Joshua Edmond, J Conway, Max Mayfield, Steed and Moore all missed significant time. Steed managed to get past his absences and still qualify for nationals, but the others weren’t so lucky. Between the quartet of upperclassmen who didn’t earn NCAA qualification for this past postseason, they had a combined nine NCAA qualifications.
In Edmond’s case, there was something off since the start of his season. Only a few matches weren’t close, and he lacked the power that fans had been accustomed to seeing from him. He ended his career with Tiger Style, missing out on nationals with a seventh-place finish at the Big 12 Championship.
Conway’s season was one that was constantly changing. He started the season at 157lbs after a national qualifying 2024-25 campaign, but was swiftly injured at the Tiger Style Invite. He was only out for two weeks before coming back and wrestling strongly into the new year. Even then, the coaching staff decided to bring in Teague Travis for the spring semester to bolster the roster, taking Conway’s starting spot in the process.
His absence from the starting lineup was short-lived after Mayfield got injured in the Soldier Salute. Conway made the move up to 165lbs and filled in admirably, but once Mayfield came back in the regular season finale against Iowa State, it was clear that he gave Mizzou a better shot at a postseason berth, which essentially ended Conway’s season.

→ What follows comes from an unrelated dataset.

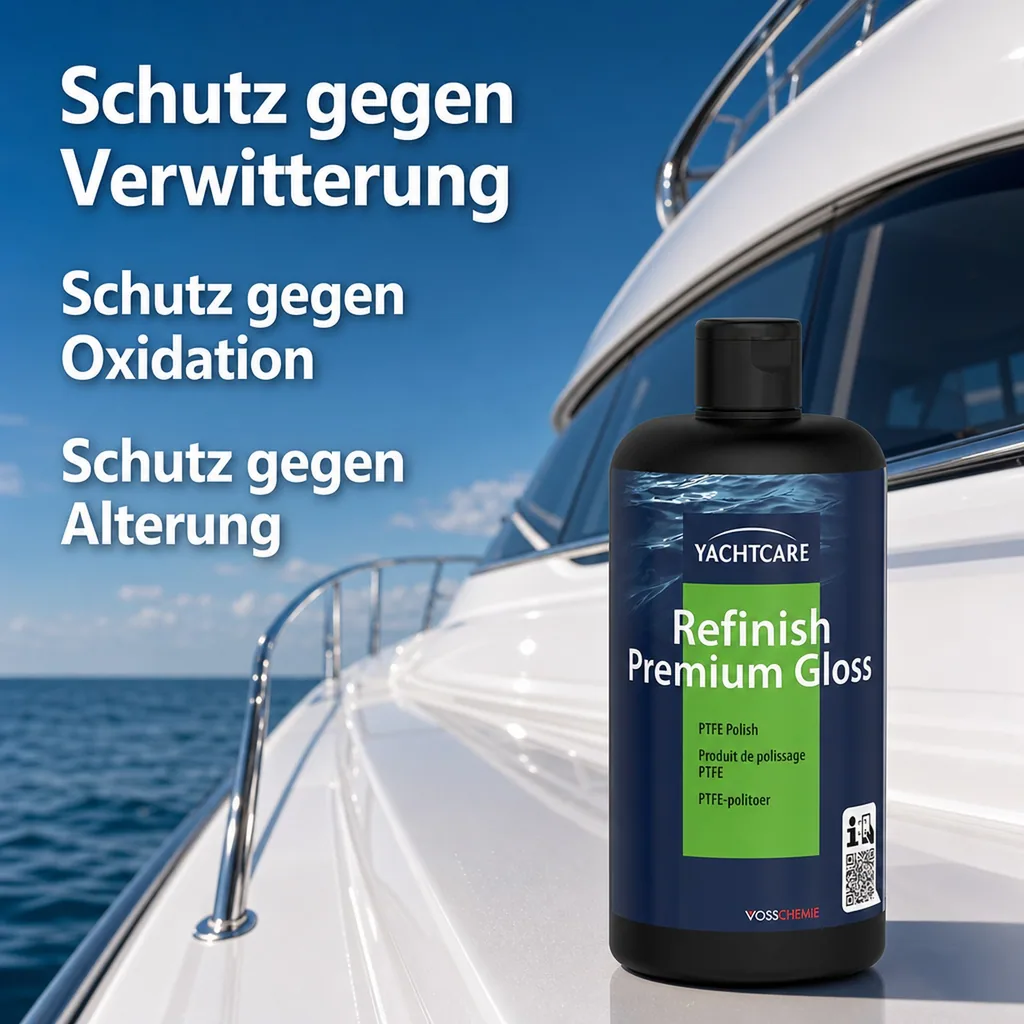 YACHTCARE Refinish Premium Gloss 500 ml Bootspolitur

The letdown was that Mayfield and Travis faltered in the Big 12 tournament anyway, leaving the Tigers with no NCAA qualifier in the 157lbs or 165lbs divisions.

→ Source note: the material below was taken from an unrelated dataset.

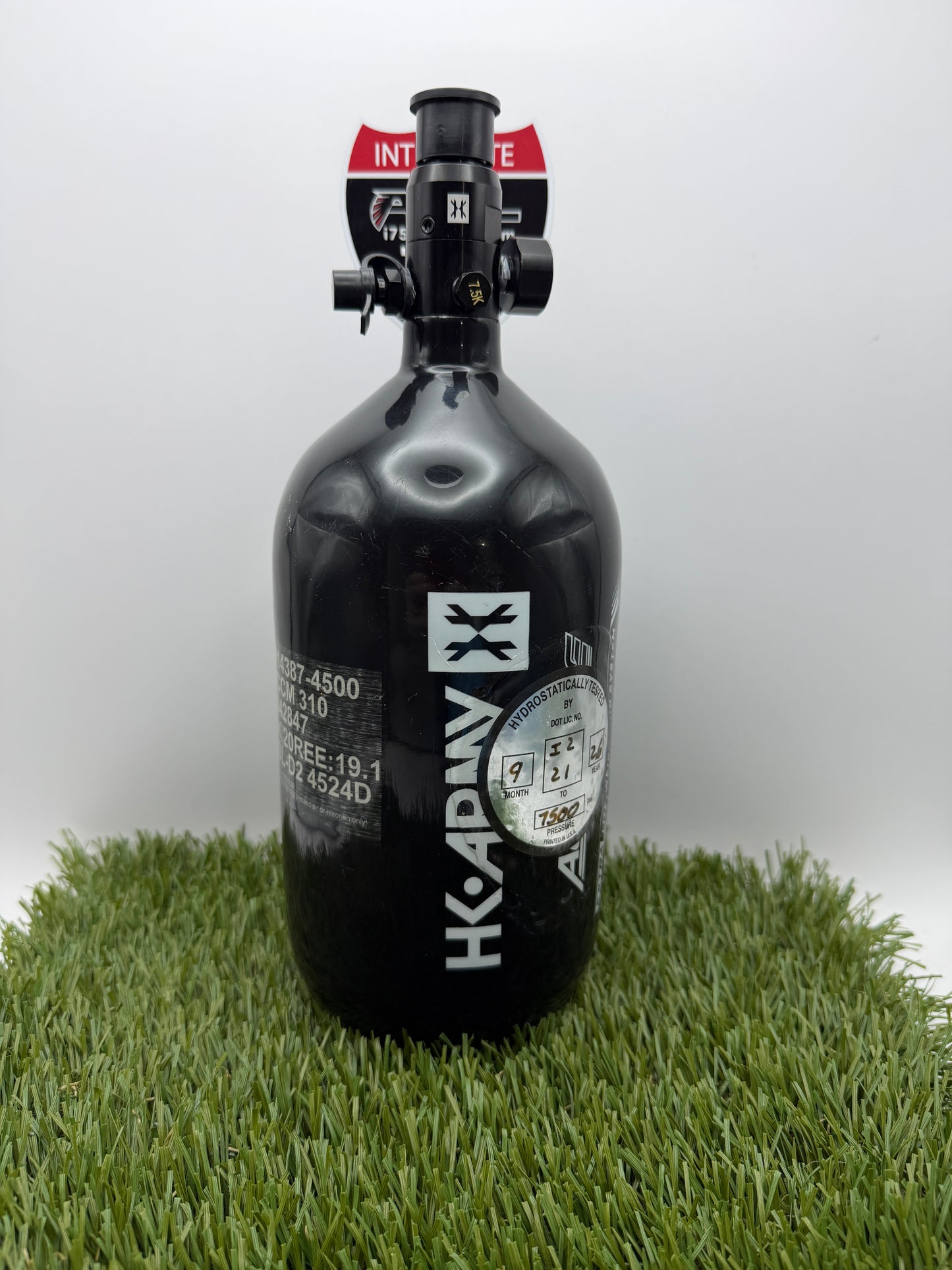 Black HK Aerolite 80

Moore is someone who fans have to empathize with after his season ended in late December. Consistency was a question for the redshirt junior, but he had some elite performances through his small sample size of matches. Most notably, Moore nearly pinned, at the time, No. 1 Lucas Byrd (ILL).
A poor display from Mizzou, unrelated to injuries, came in the form of the lack of a reliable starter at 141lbs. Easton Hilton, Zeke Seltzer, Owen Uhls and Seth Mendoza split time in the division. The 141lbs bout was nearly a guaranteed loss in every conference dual.
Glancing Ahead
The Tigers have plenty of turnover going into next season. They’re losing four starters to exhausted eligibility in Edmond, Travis, Mayfield and Bates. The transfer portal opened today, and it can be expected that some of Mizzou will search for replacements/upgrades, as well as have some depth pieces transfer out in search of new opportunities.
Nine seniors are graduating in total, which leaves nine known roster spots with the 30-man cap. The Tigers have a six-man incoming freshman class.
Tiger Style’s 2025–26 season wasn’t a plateau; rather, it laid the groundwork for a return to national contention as its young core demonstrated its potential.